PVDF is designed in a macroporous manner and has shown to cause little adhesion in experimental studies.

It integrates well into the surrounding soft tissue and is hardly prone to shrinkage processes [30].

In a study with 344 cases of intraperitoneally positioned implants, no mesh-related complications had to be documented [31]. However, it has to be stated that another publication described several and at times severely adverse events with regard to this material [32]. To date, we observed no complications in our own patient cohort and no implants had to be removed.

From the economic point of view, PSH prevention seems to be cost-effective in patients with stage I–III rectal cancer undergoing abdominoperineal rectum amputation with prophylactic mesh placement. It might be cost-effective for stage IV disease, but this decision is subject to some uncertainty. Malignancy may decrease life expectancy to the point that PSH might not have time to develop [33].

Symptomatic PSHs that warrant surgical repair can in most cases be diagnosed clinically and are usually evident during Valsalva’s maneuver when patients are standing upright during physical examination. We performed routinely a multislice computed tomographic scanning including sequences during abdominal press. Only 1 of the 80 patients developed a symptomatic PSH (1.25 %). Two hernias were asymptomatic and could only be detected with CT scans but not from the patients’ histories or through clinical examination.
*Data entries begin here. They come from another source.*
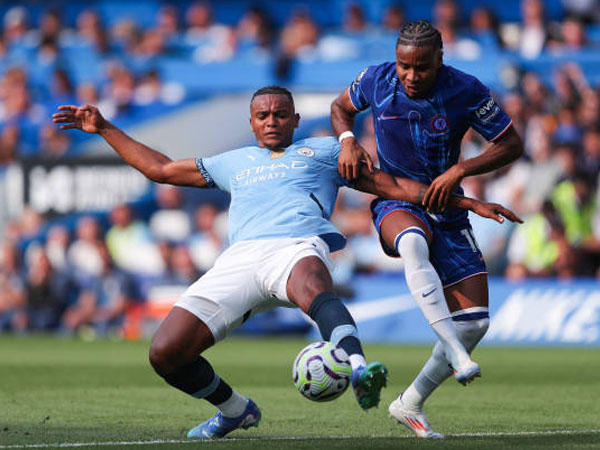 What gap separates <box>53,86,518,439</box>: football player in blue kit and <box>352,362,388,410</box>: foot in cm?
43

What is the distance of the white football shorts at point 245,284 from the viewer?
6.52 metres

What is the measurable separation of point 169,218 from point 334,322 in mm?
12505

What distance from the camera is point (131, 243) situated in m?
18.4

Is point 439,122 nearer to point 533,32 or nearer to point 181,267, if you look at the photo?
point 181,267

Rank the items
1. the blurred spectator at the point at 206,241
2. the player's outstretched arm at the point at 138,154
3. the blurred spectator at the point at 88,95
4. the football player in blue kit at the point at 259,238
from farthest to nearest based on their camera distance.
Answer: the blurred spectator at the point at 88,95, the blurred spectator at the point at 206,241, the player's outstretched arm at the point at 138,154, the football player in blue kit at the point at 259,238

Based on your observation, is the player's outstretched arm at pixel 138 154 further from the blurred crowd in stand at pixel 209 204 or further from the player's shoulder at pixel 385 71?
the blurred crowd in stand at pixel 209 204

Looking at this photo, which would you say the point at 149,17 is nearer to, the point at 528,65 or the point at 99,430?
the point at 528,65

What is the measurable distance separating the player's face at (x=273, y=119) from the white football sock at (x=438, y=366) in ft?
5.00

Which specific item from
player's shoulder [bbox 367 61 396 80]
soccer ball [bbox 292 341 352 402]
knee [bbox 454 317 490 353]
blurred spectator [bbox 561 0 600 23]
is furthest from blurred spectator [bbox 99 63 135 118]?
soccer ball [bbox 292 341 352 402]

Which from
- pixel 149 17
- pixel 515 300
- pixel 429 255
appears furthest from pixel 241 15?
pixel 429 255

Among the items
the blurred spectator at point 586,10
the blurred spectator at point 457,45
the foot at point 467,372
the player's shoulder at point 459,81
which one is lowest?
the foot at point 467,372

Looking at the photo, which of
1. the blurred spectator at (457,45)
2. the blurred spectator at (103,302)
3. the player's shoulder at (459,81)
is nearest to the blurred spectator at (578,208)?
the blurred spectator at (457,45)

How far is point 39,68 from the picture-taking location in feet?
70.2

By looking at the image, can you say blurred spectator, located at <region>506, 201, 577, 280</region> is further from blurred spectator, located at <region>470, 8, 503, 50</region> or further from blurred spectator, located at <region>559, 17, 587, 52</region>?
blurred spectator, located at <region>470, 8, 503, 50</region>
Maybe we overlooked some more asymptomatic hernias, because only 2/3 of the patients underwent a CT scan. On the other hand, we could have presented a study with only 1.25 % PSH development (excluding accidentally detected and asymptomatic PSHs in routine CT scan).
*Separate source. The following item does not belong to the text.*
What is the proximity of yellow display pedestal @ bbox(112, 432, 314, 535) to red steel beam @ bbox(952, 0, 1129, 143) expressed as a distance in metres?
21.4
The retrospective design of our trial and the lack of a control group are, without doubt, a relative limitation of the present study. Strong points, on the other hand, are the high number of cases included and the fact that data and procedures from two independent surgical centers were evaluated. The comparatively long follow-up period of a median 2 years is also worth mentioning in this context, in particular since to the best of our knowledge the only other published trial applying preshaped 3D funnel meshes merely describes 22 cases with a follow-up of 11 months [14].
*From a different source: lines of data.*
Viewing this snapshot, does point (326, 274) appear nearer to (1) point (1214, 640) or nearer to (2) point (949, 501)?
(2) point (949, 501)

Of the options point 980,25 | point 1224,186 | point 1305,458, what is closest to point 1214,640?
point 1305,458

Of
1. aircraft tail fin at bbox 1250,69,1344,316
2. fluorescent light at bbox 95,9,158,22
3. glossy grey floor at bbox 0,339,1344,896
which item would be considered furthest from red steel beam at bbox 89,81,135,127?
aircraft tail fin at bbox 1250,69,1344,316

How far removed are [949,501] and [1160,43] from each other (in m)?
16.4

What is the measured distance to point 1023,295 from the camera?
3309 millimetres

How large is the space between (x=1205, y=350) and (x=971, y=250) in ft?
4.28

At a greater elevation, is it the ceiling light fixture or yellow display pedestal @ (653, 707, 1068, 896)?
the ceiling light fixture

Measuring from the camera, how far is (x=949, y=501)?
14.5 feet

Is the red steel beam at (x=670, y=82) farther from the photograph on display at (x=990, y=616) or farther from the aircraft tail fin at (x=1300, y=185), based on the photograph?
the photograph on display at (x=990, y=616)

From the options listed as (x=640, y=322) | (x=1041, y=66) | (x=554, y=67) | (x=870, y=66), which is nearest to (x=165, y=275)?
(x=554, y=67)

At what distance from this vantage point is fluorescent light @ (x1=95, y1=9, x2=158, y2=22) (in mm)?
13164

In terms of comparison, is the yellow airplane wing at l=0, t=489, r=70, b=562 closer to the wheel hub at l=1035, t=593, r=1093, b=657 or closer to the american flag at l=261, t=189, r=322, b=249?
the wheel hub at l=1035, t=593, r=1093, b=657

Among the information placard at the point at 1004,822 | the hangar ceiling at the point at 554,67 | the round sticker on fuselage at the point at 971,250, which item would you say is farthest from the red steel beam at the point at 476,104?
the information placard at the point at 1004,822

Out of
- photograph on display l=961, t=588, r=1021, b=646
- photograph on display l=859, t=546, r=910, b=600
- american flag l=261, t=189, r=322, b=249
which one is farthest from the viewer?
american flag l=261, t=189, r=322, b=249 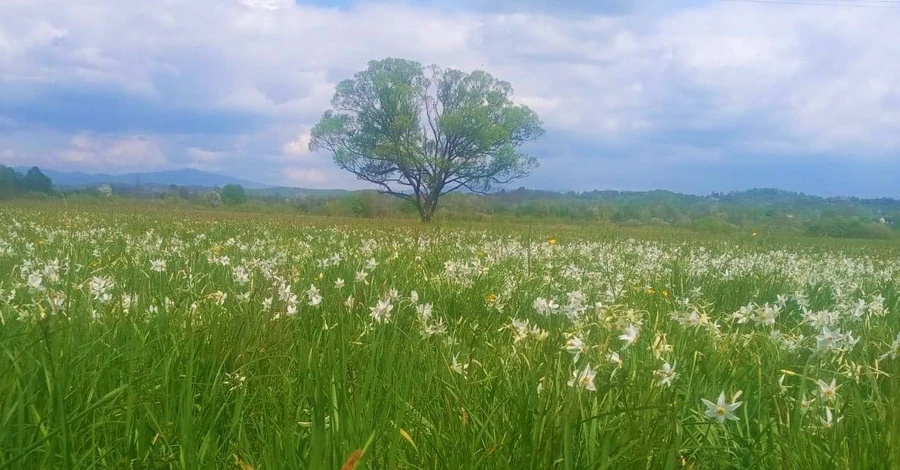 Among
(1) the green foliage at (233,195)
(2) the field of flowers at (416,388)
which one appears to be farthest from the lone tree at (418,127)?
(2) the field of flowers at (416,388)

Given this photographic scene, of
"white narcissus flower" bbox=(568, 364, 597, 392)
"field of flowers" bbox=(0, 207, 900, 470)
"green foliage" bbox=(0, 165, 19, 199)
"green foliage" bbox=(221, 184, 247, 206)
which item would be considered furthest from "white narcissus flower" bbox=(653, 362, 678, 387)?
"green foliage" bbox=(221, 184, 247, 206)

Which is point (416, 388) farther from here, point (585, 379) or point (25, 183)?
point (25, 183)

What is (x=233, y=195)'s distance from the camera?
4316 cm

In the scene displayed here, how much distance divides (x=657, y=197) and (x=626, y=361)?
76.6 ft

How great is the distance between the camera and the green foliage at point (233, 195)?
139 feet

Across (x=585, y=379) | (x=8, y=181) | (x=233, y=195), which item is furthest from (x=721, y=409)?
(x=233, y=195)

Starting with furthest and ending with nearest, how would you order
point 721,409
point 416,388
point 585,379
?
point 416,388 → point 585,379 → point 721,409

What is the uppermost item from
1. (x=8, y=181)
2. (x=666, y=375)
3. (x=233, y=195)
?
(x=8, y=181)

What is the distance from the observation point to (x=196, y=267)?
595 centimetres

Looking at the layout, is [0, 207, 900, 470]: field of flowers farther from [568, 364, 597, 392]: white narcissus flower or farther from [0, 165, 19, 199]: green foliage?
[0, 165, 19, 199]: green foliage

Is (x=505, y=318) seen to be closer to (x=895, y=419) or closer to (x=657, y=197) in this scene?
(x=895, y=419)

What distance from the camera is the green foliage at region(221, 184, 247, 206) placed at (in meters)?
42.2

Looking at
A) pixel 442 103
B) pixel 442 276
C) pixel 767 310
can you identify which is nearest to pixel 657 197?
pixel 442 276

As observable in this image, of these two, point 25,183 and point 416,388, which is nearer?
point 416,388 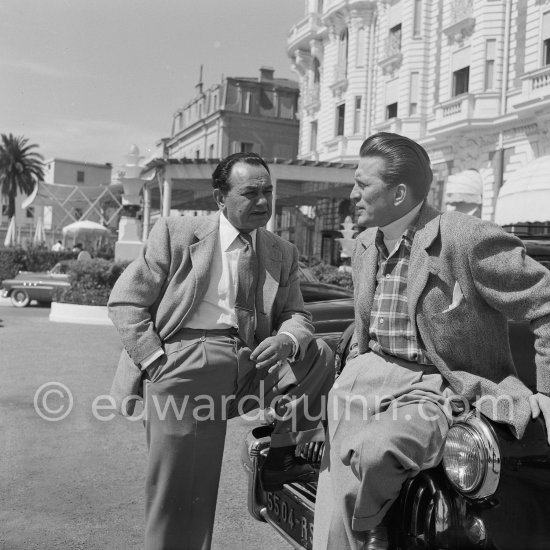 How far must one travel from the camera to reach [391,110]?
32.6 meters

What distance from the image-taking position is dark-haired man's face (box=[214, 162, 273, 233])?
119 inches

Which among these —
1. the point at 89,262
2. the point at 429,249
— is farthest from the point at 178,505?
the point at 89,262

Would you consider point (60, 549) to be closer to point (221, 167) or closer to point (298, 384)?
point (298, 384)

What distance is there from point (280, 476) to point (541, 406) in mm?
1365

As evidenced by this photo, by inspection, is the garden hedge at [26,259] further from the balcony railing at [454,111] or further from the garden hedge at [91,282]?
the balcony railing at [454,111]

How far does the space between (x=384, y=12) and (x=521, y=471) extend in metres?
33.3

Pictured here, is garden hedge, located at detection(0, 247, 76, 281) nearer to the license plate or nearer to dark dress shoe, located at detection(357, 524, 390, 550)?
the license plate

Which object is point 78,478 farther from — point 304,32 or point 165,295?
point 304,32

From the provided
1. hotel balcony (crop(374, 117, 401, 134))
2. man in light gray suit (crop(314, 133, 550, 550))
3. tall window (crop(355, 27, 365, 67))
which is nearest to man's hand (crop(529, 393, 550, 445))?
man in light gray suit (crop(314, 133, 550, 550))

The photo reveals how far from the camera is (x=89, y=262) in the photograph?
15.9 m

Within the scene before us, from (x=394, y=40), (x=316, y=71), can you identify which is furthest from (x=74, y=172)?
(x=394, y=40)

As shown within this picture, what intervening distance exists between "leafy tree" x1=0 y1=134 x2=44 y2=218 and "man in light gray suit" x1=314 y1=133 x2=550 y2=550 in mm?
76984

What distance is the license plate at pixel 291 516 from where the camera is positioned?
292 cm

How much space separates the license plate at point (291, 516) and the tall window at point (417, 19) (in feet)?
98.0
In conclusion, the present trial supports that prophylactic implantation of a 3D funnel mesh device in IPOM technique is a very effective, clinically safe procedure to prevent the development of PSHs and to hamper the frequently associated manifestation of prolapses around permanent terminal ostomies. The specifically designed implant with its elastic tunnel that accurately fits to diverted bowel demonstrates significant advantages over flat meshes and implants with mesh incisions. It can be used for both prevention and treatment of PSHs. The results generated in various previous trials show the clear advantage of mesh reinforcement over techniques without the use of implants with regard to PSH prevention already. Future trials should, therefore, no longer compare standard ostomy techniques with other new methods in general. They should rather have a new focus on techniques that include mesh implants, probe their advantages and evaluate the differences in outcome between these strategies.